* **EXERCISE BRIEF**: Give every line of the listing word for word, beginning at the first and including the line with "Robert Plant Priory" as the last.

* **SOURCE INFORMATION**:
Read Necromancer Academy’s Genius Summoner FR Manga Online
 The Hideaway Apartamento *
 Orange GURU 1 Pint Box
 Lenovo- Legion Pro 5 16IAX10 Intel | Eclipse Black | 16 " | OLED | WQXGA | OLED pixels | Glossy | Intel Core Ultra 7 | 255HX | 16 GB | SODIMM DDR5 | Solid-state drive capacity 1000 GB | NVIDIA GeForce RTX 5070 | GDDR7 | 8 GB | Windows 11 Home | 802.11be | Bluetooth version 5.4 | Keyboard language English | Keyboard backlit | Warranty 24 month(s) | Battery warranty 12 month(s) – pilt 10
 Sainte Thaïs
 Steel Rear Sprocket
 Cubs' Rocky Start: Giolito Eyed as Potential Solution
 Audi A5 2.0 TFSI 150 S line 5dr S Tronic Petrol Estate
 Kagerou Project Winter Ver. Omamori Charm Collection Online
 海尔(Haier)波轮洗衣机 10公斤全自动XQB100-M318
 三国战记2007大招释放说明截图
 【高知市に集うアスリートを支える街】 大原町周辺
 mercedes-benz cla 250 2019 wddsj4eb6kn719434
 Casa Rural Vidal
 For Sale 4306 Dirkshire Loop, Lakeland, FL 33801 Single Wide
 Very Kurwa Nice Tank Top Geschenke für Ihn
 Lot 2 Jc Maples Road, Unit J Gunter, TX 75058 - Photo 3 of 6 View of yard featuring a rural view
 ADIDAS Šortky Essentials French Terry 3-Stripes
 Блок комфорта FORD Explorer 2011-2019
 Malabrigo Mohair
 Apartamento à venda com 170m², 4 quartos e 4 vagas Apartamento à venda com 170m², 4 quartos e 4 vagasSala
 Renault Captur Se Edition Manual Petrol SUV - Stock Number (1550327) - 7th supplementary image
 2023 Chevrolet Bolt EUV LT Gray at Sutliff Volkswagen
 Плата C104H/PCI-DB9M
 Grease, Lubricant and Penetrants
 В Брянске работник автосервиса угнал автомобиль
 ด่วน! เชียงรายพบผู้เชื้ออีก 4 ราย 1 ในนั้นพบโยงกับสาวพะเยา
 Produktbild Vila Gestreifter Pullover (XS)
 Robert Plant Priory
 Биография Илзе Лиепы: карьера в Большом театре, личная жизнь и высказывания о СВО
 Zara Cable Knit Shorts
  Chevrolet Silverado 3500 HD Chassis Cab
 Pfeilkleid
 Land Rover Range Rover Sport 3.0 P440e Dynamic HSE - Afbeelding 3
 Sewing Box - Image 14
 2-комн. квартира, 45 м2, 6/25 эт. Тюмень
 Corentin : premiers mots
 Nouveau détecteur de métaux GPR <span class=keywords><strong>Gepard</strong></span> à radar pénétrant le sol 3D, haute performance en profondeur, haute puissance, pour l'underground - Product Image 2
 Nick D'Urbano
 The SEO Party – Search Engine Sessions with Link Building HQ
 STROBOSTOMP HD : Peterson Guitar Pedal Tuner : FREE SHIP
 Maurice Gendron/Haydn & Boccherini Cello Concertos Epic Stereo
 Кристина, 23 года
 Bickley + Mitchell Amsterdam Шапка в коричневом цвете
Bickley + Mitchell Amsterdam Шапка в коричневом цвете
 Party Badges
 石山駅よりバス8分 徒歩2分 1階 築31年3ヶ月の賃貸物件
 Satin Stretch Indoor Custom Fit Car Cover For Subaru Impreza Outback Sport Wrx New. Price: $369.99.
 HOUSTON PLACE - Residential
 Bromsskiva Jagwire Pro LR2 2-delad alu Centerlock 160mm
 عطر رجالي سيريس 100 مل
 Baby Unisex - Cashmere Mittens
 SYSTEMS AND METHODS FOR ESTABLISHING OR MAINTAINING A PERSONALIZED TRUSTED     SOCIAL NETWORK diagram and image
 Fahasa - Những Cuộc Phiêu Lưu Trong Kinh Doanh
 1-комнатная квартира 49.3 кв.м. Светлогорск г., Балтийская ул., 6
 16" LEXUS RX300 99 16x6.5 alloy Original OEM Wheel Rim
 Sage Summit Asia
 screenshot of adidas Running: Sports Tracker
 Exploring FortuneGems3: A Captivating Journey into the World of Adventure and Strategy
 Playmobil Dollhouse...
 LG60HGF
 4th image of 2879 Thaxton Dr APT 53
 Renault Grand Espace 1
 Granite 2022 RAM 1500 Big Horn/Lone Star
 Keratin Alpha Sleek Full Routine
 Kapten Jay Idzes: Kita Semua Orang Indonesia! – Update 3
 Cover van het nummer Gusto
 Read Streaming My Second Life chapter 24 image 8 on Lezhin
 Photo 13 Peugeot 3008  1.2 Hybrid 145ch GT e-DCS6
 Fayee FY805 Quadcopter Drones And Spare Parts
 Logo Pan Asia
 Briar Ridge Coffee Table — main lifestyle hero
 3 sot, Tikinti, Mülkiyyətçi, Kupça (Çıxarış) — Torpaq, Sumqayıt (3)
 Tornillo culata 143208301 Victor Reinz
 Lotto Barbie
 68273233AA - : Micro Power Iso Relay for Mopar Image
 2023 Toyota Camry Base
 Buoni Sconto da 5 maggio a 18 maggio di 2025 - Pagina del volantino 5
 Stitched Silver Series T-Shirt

* **RESPONSE TO THIS TASK**:
Read Necromancer Academy’s Genius Summoner FR Manga Online
 The Hideaway Apartamento *
 Orange GURU 1 Pint Box
 Lenovo- Legion Pro 5 16IAX10 Intel | Eclipse Black | 16 " | OLED | WQXGA | OLED pixels | Glossy | Intel Core Ultra 7 | 255HX | 16 GB | SODIMM DDR5 | Solid-state drive capacity 1000 GB | NVIDIA GeForce RTX 5070 | GDDR7 | 8 GB | Windows 11 Home | 802.11be | Bluetooth version 5.4 | Keyboard language English | Keyboard backlit | Warranty 24 month(s) | Battery warranty 12 month(s) – pilt 10
 Sainte Thaïs
 Steel Rear Sprocket
 Cubs' Rocky Start: Giolito Eyed as Potential Solution
 Audi A5 2.0 TFSI 150 S line 5dr S Tronic Petrol Estate
 Kagerou Project Winter Ver. Omamori Charm Collection Online
 海尔(Haier)波轮洗衣机 10公斤全自动XQB100-M318
 三国战记2007大招释放说明截图
 【高知市に集うアスリートを支える街】 大原町周辺
 mercedes-benz cla 250 2019 wddsj4eb6kn719434
 Casa Rural Vidal
 For Sale 4306 Dirkshire Loop, Lakeland, FL 33801 Single Wide
 Very Kurwa Nice Tank Top Geschenke für Ihn
 Lot 2 Jc Maples Road, Unit J Gunter, TX 75058 - Photo 3 of 6 View of yard featuring a rural view
 ADIDAS Šortky Essentials French Terry 3-Stripes
 Блок комфорта FORD Explorer 2011-2019
 Malabrigo Mohair
 Apartamento à venda com 170m², 4 quartos e 4 vagas Apartamento à venda com 170m², 4 quartos e 4 vagasSala
 Renault Captur Se Edition Manual Petrol SUV - Stock Number (1550327) - 7th supplementary image
 2023 Chevrolet Bolt EUV LT Gray at Sutliff Volkswagen
 Плата C104H/PCI-DB9M
 Grease, Lubricant and Penetrants
 В Брянске работник автосервиса угнал автомобиль
 ด่วน! เชียงรายพบผู้เชื้ออีก 4 ราย 1 ในนั้นพบโยงกับสาวพะเยา
 Produktbild Vila Gestreifter Pullover (XS)
 Robert Plant Priory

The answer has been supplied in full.